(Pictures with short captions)
- - - - -

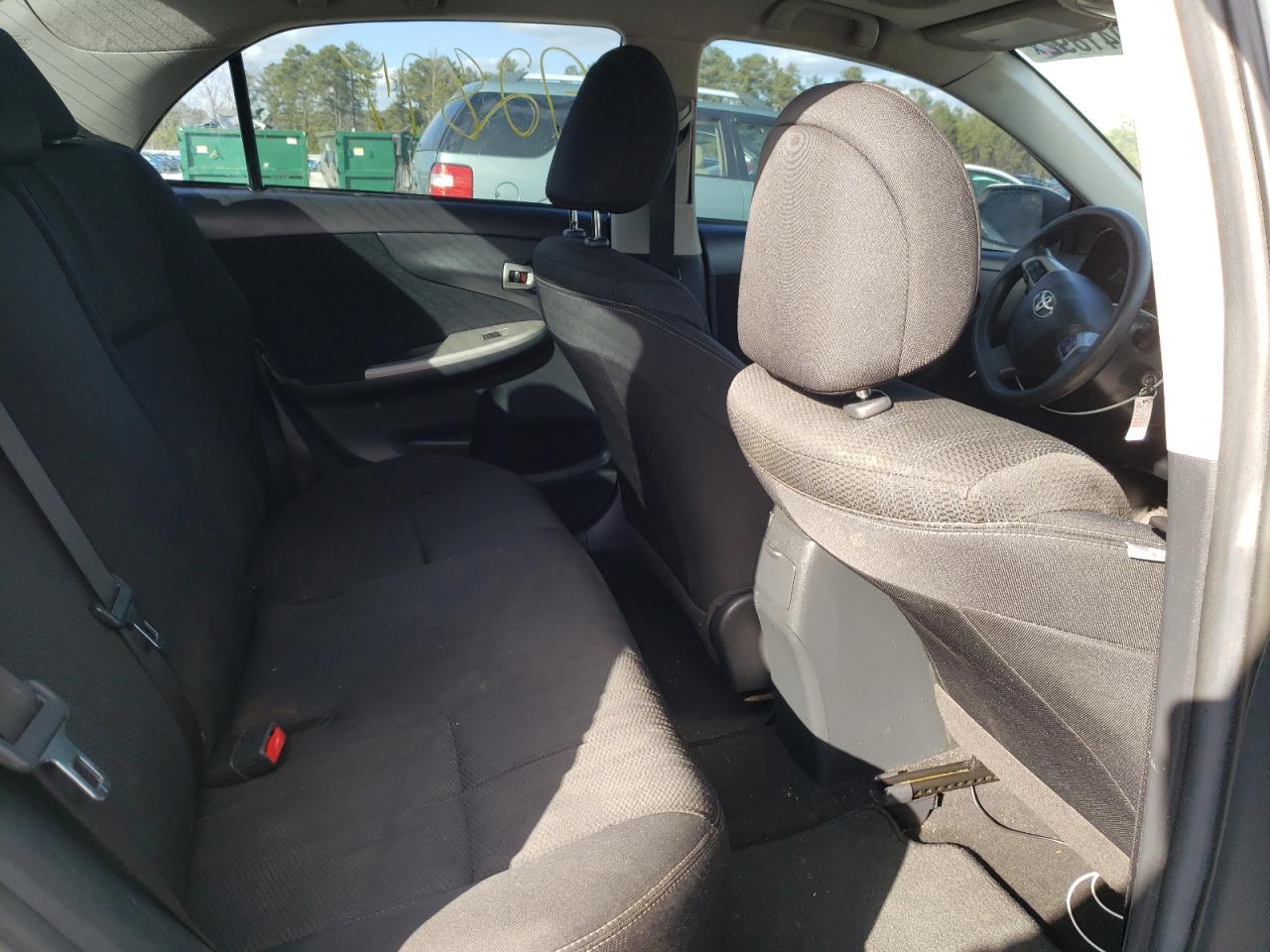 Photo 6 from auction – 2013 TOYOTA COROLLA BA with VIN 5YFBU4EE5DP155860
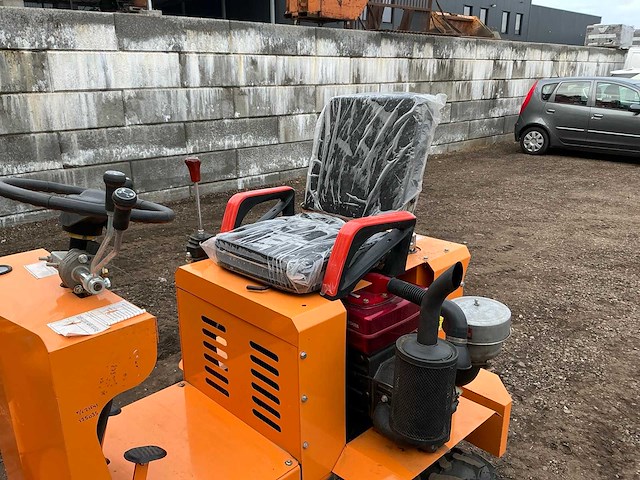 2025 mach pro mp-l904 shovel ongebruikt - afbeelding 9 van  29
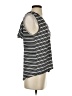 Everly Gray Sleeveless T-Shirt Size S - photo 4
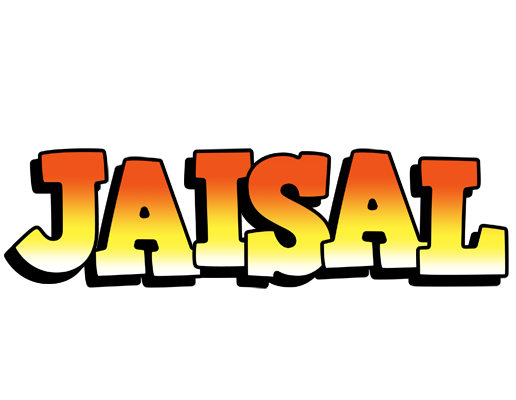 Jaisal sunset logo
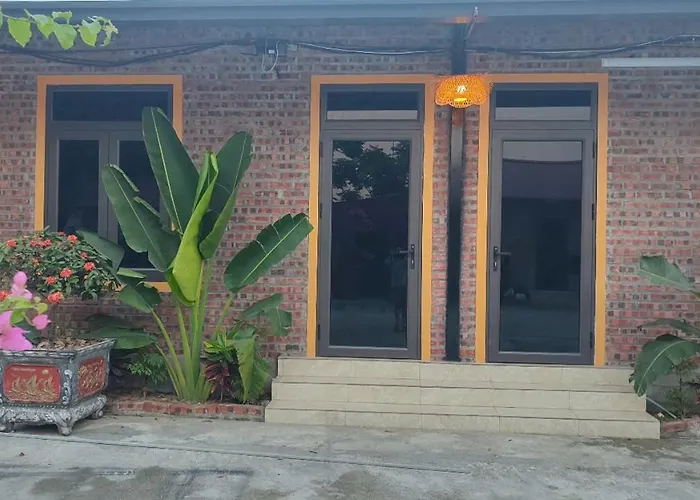 VI Homestay Lake View Xuan Son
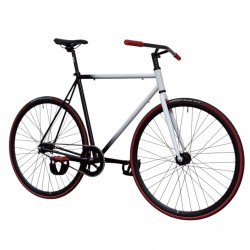 Fixie Acero Modelo Vinilo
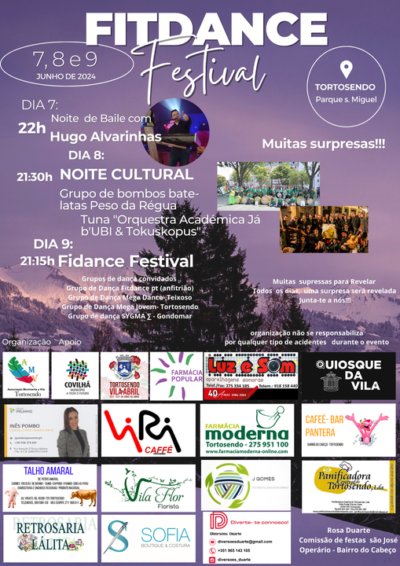 Fitdance Festival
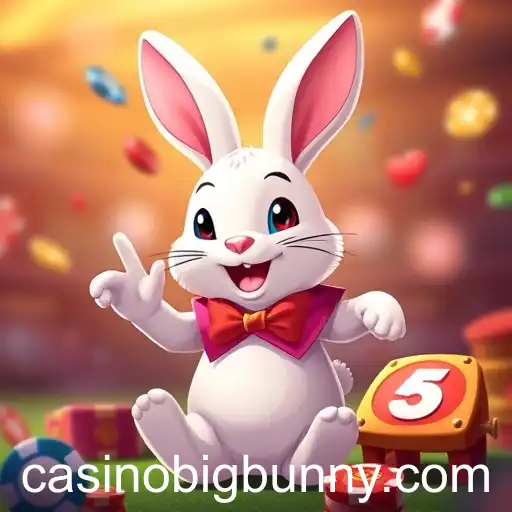 BigBunny Casino App Revolutionizes Online Gaming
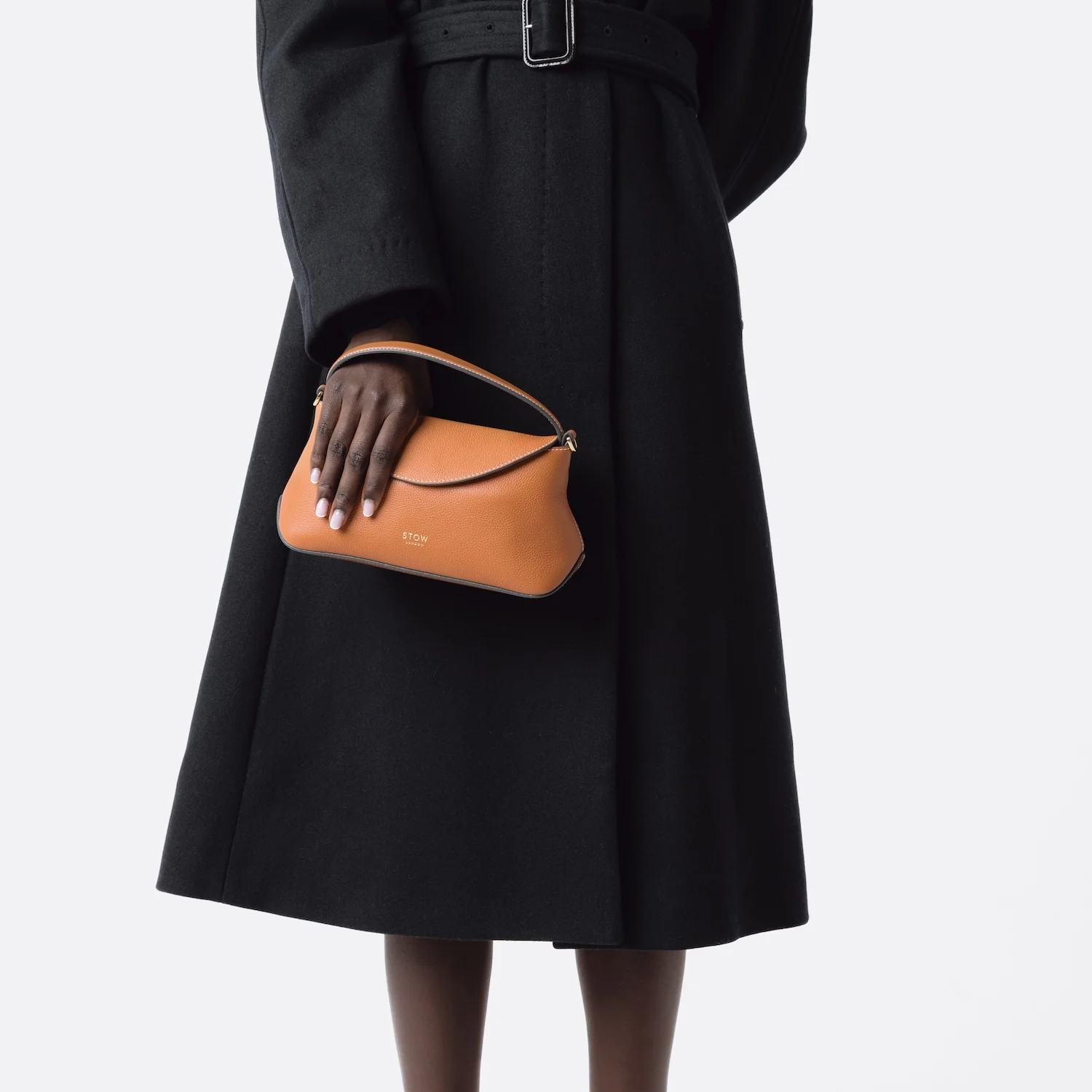 Mini East West Curve Bag - Image 2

- - - - -

Task:
Omit every picture while printing the data word for word.

Response area:
 Photo 6 from auction – 2013 TOYOTA COROLLA BA with VIN 5YFBU4EE5DP155860
 2025 mach pro mp-l904 shovel ongebruikt - afbeelding 9 van  29
 Everly Gray Sleeveless T-Shirt Size S - photo 4
 Jaisal sunset logo
 VI Homestay Lake View Xuan Son
 Fixie Acero Modelo Vinilo
 Fitdance Festival
 BigBunny Casino App Revolutionizes Online Gaming
 Mini East West Curve Bag - Image 2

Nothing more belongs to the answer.